A summary is given of the fit: the parameter estimates are printed with their standard errors and correlations, including the working parameters, which are stable functions of the parameters defining the distribution and are used in the internal algorithm. The goodness of fit to the chosen distribution is indicated by the residual deviance which has an asymptotic chisquare distribution with the specified degrees of freedom. The deviance is also the preferred statistic for comparison of nested models, for example the double Normal distribution with equal and unequal variances. This is followed by a table of observed and fitted values (expected frequencies), together with weighted residuals. If raw data are supplied, by default this table is formed by dividing the data into √n groups of approximately equal observed frequency, which are therefore likely to be of unequal widths. The NGROUPS
option may be used to set the number of groups for this table.
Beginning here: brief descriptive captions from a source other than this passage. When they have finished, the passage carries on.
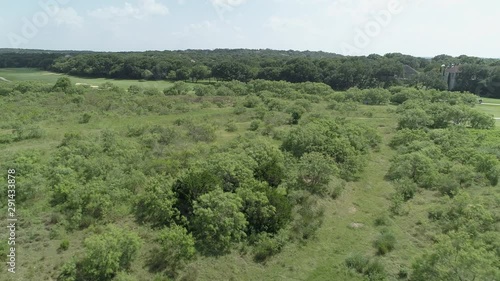 Texas Hill Country Creek-Suburban Rural Landscape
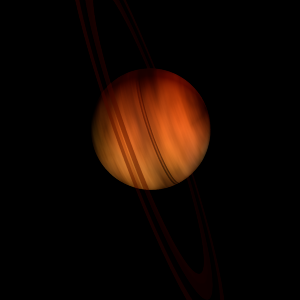 The artist's impression of WISE J1925+0700 artist's rendition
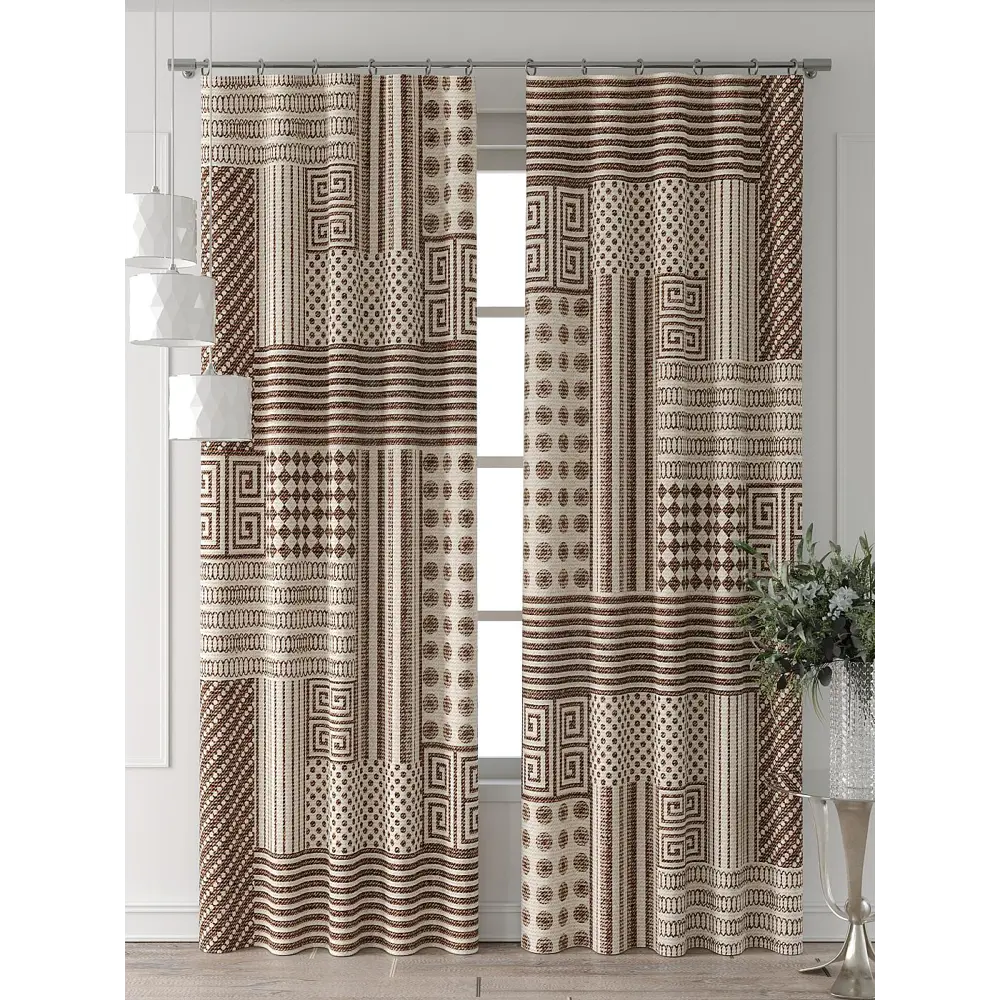 Фото 2 Комплект штор Comfy way Форнерс - 182 - 260 см CW709182260-260 на шторной ленте 260x150 см цвет бежевый Фото 2 Комплект штор Comfy way Форнерс - 182 - 260 см CW709182260-260 на шторной ленте 260x150 см цвет бежевый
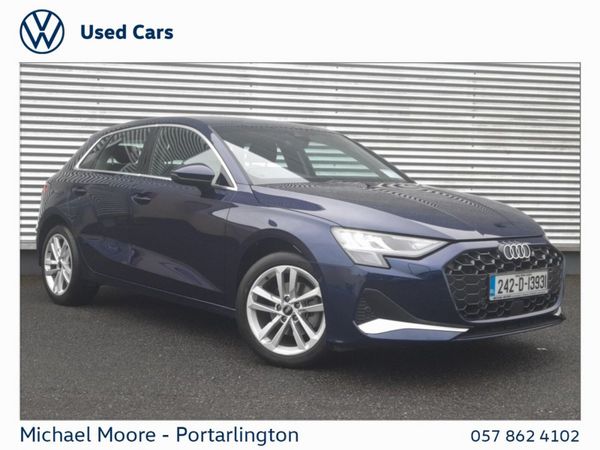 Audi A3 Hatchback, Petrol, 2024, Blue
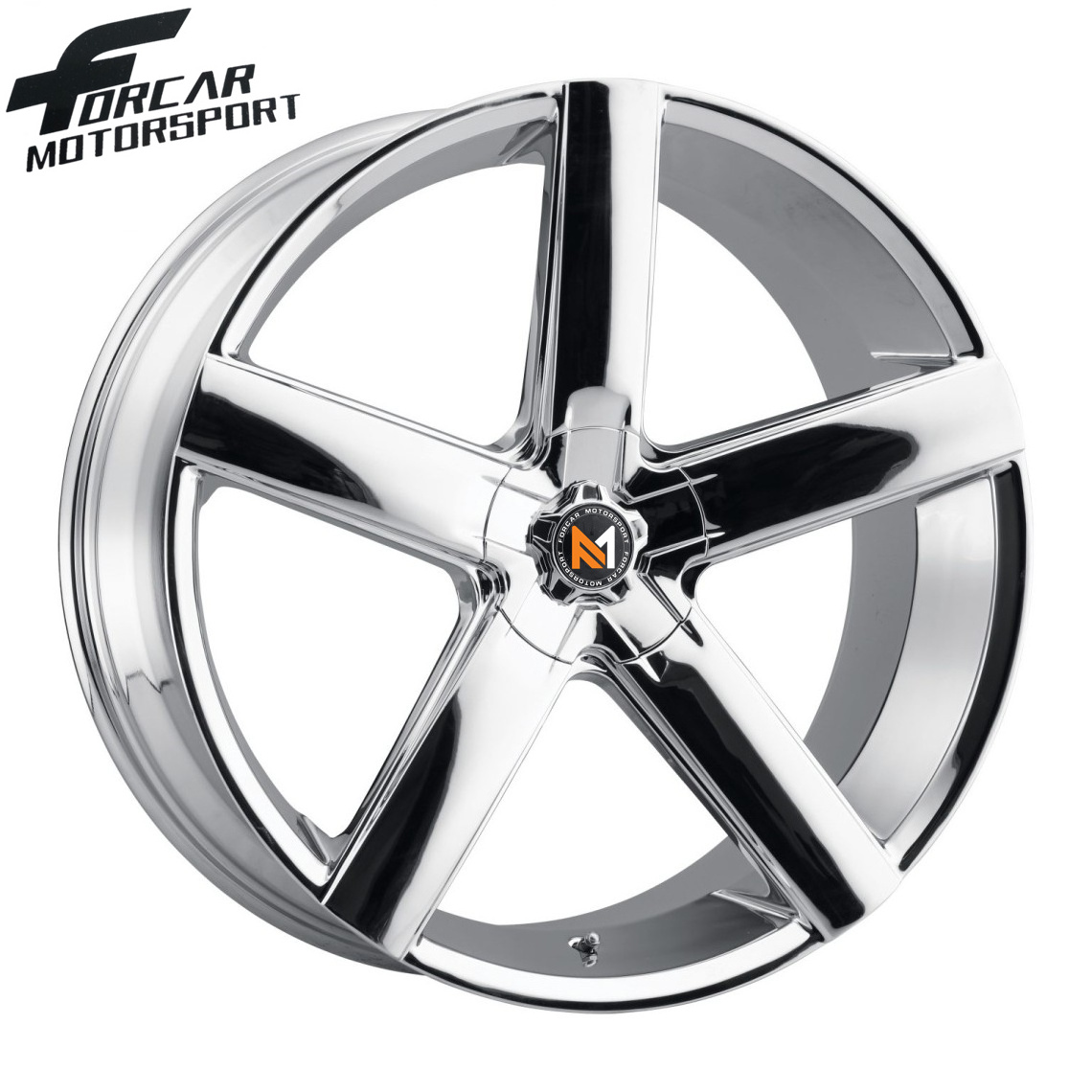 Customized Vacuum Chrome White Alloy Car Rims Forged Passenger 18/19/20/22/24 Inch Car Wheels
If data are supplied as a table, the fitted values use the classification from that table. In either case the LIMITS
option may be used to supply a different set of limits; with the constraint that if tabulated data are analysed these limits should be a subset of the original limits so that the new groups are formed by aggregation.
The NOBSERVATIONS
, RESIDUALS
and FITTEDVALUES
parameters can be used to save the number of observations in each cell, the fitted number, and the residual respectively (all in tables). The parameter estimates and their standard errors can be saved in variates specified by PARAMETERS
and SE
. The variancecovariance matrix for the estimated parameters can be saved as a symmetric matrix using the VCOVARIANCE
parameter.
Having fitted the required distribution, the estimated cumulative distribution function (CDF) can be evaluated at specified values of X. These are defined using the XDEVIATES
option. The values of the CDF can be printed (by selecting PRINT=proportions
) or saved in a variate by setting the CUMPROPORTION
parameter.
If you have several sets of data you may be interested in fitting the distribution individually to each set; this can be done by setting the DATA
parameter to a list of identifiers. A separate analysis is then performed for each set of data, but of course any option settings are common to all the data sets. The data sets should all be specified in the same way, either as raw data or as tabulated counts. For tabulated counts, the same categories must be used for defining every table. You can also carry out one final fit to the combined data set, in order to investigate whether the data can be adequately modelled as coming from a single population. This combined fit is produced if any of the options relating to the combined fit have been set (that is, options CBPRINT
, PARAMETERS
, SE
, VCOVARIANCE
or CUMPROPORTION
which print or save information from the combined analysis). For each individual data set you can also save fitted values and residuals based on the parameters estimated from the combined data set, using the CBRESIDUALS
and CBFITTEDVALUES
parameters. The JOINT
option can be used to specify that certain parameters should be held constant at their estimated values from the combined analysis during refits to the individual data sets. For continuous distributions only, a common dispersion parameter can be requested; for discrete distributions a common value can be requested for either the Poisson index or the ratio of variance to mean. An analysis of deviance is printed to compare the nested models.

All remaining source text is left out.